Data extracted from a collection:
----

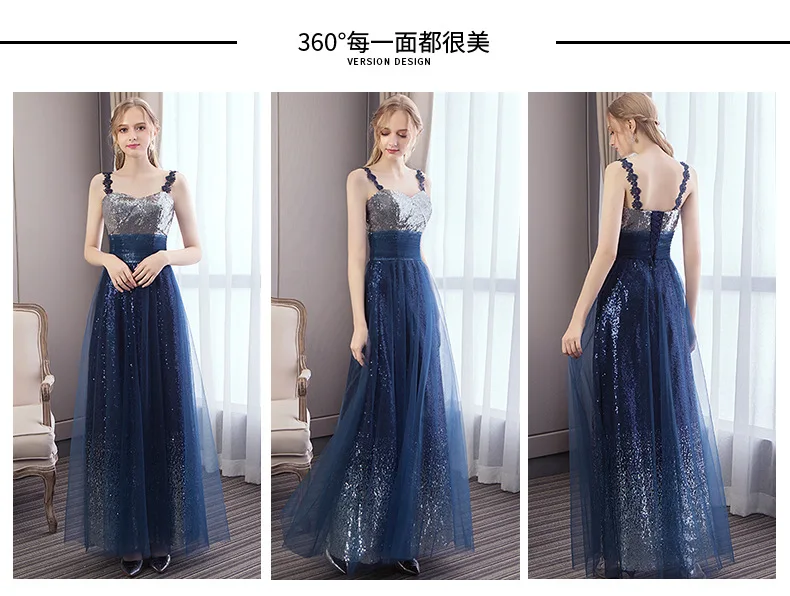 AliExpress крест-граница Европа и Америка Формальное банкетное платье позднее торжественное платье длинное свадебное платье-синий шифон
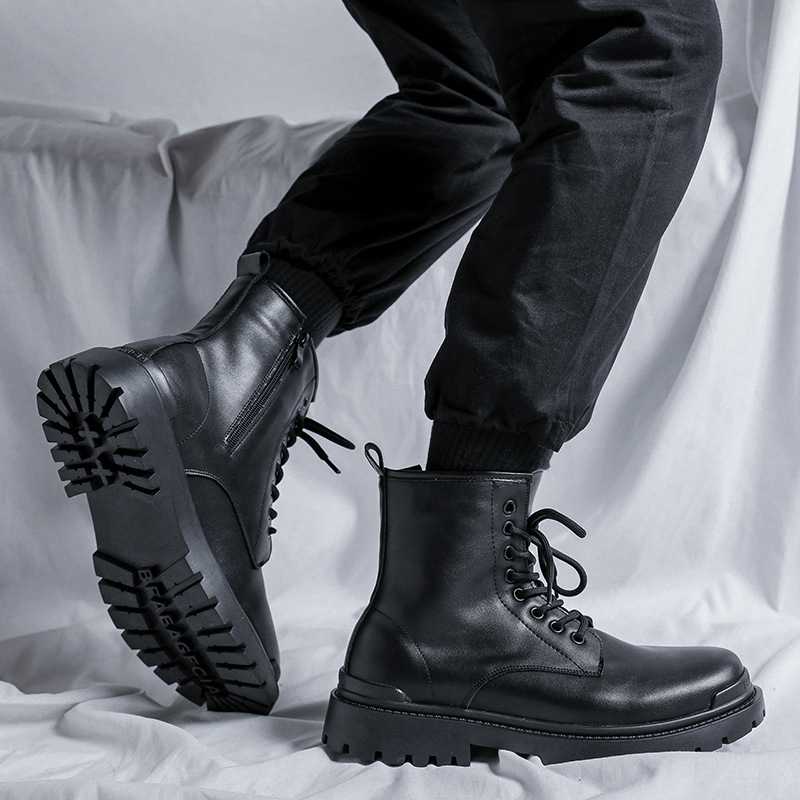 all-match high-top leather boots – VICSMALL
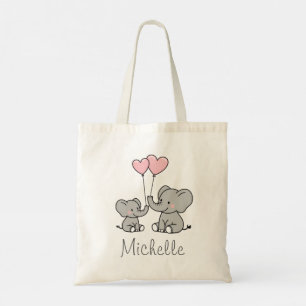 Personalized name Cute Elephant Mom & Baby Pink    Tote Bag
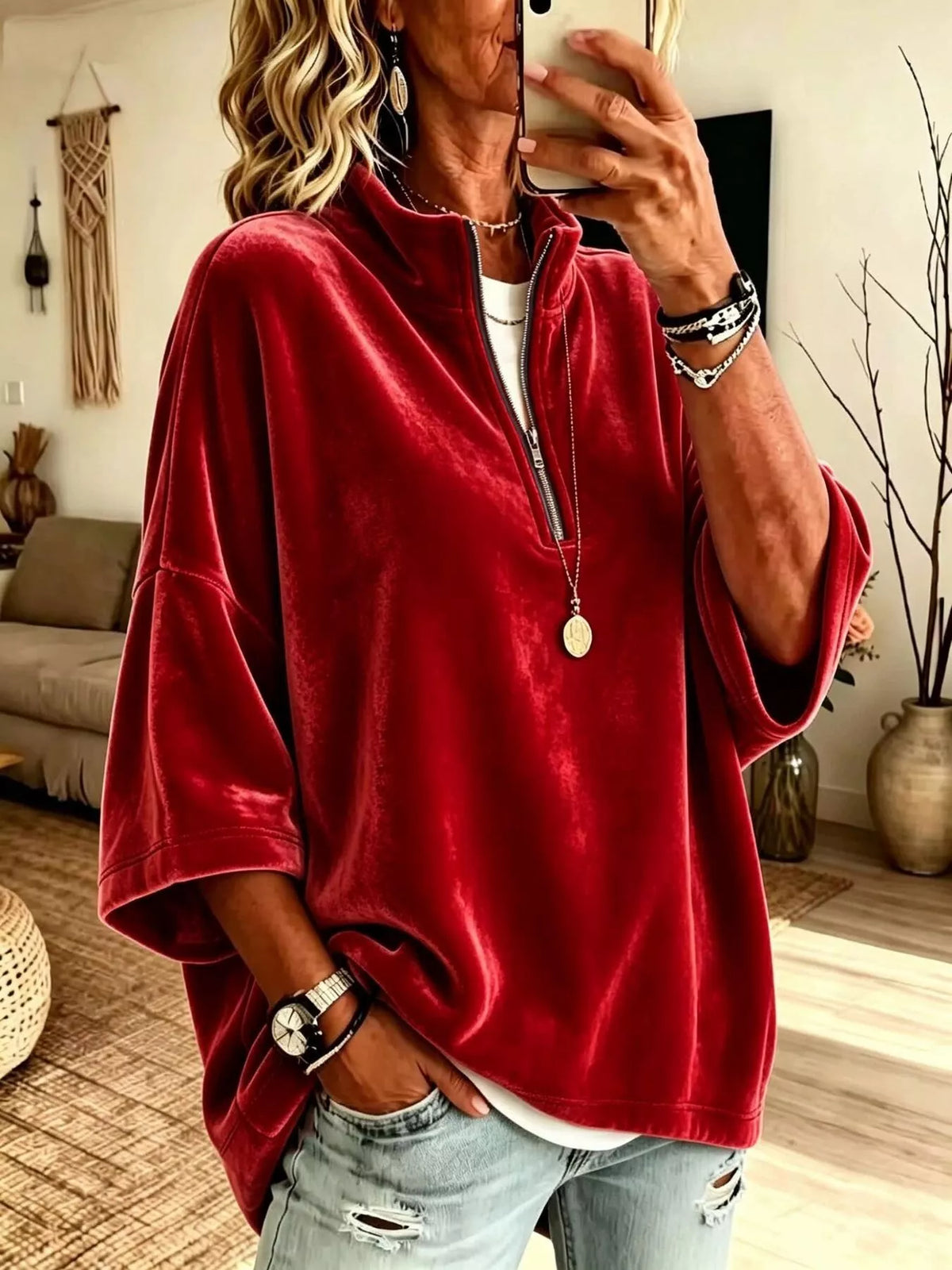 Full Size Velvet Quarter-Zip Sweatshirt Plus Size in Red
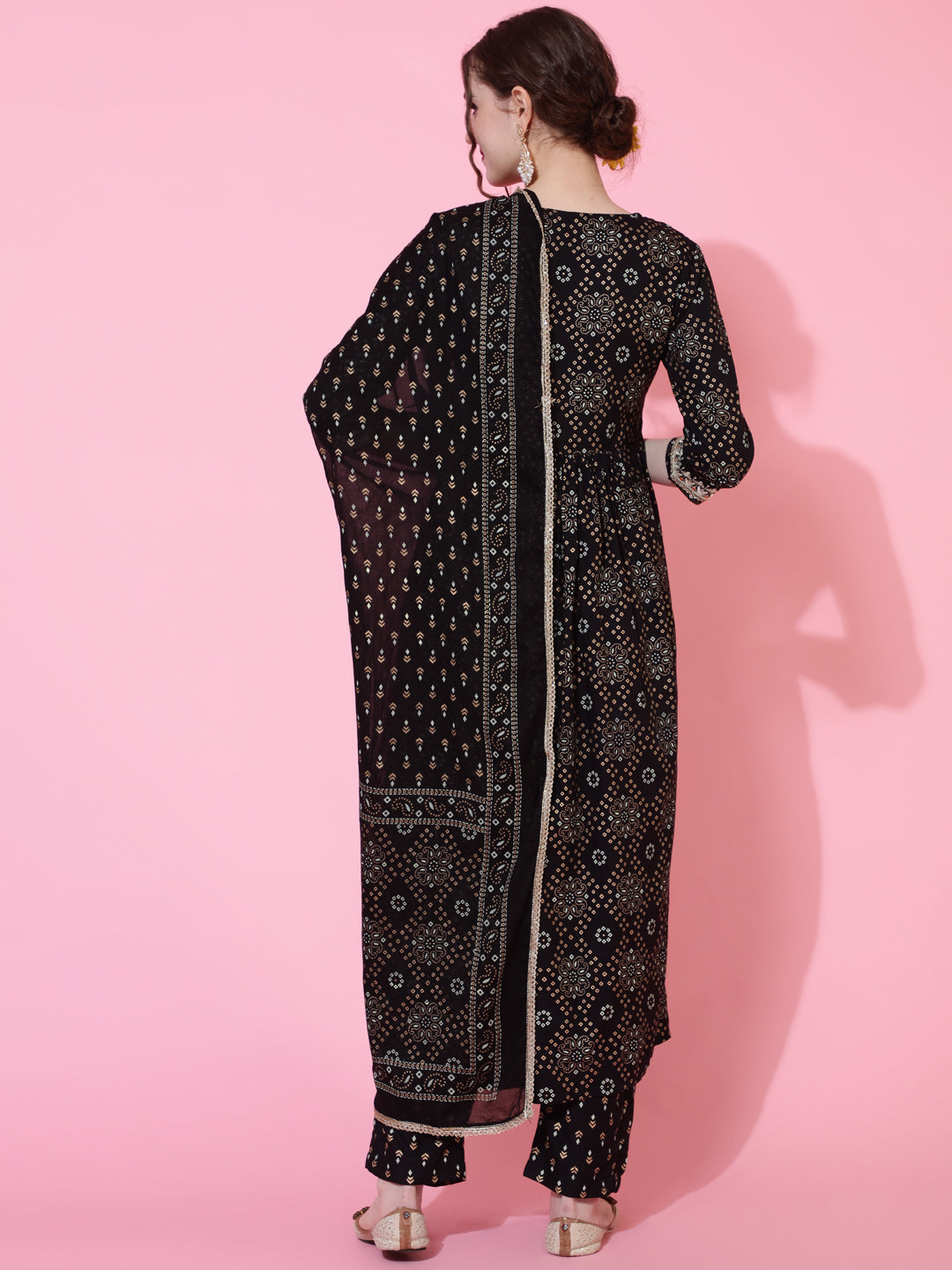 Rayon Printed Calf Length Semi-Flared 3/4 Sleeve Round Kurta Bottom Dupatta Set
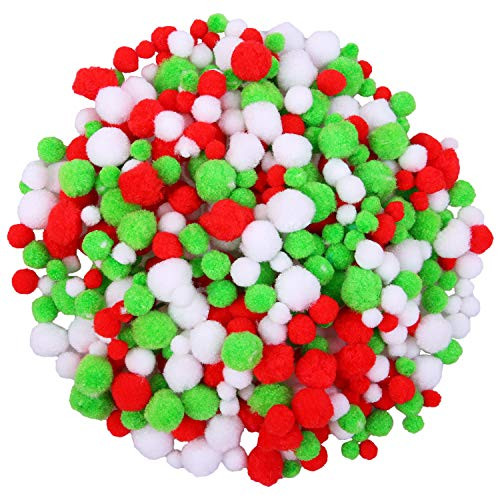 Cooraby 500 Pieces Christmas Pom Poms Crafts Pompoms Fluffy Pom Balls for Christmas DIY Supplies, Assorted Colors and Sizes (Color 1)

----

WHAT YOU ARE ASKED TO DO: Could you set down every record above exactly as written, leaving out the pictures?

OUTPUT OF THE TASK:
 AliExpress крест-граница Европа и Америка Формальное банкетное платье позднее торжественное платье длинное свадебное платье-синий шифон
 all-match high-top leather boots – VICSMALL
 Personalized name Cute Elephant Mom & Baby Pink    Tote Bag
 Full Size Velvet Quarter-Zip Sweatshirt Plus Size in Red
 Rayon Printed Calf Length Semi-Flared 3/4 Sleeve Round Kurta Bottom Dupatta Set
 Cooraby 500 Pieces Christmas Pom Poms Crafts Pompoms Fluffy Pom Balls for Christmas DIY Supplies, Assorted Colors and Sizes (Color 1)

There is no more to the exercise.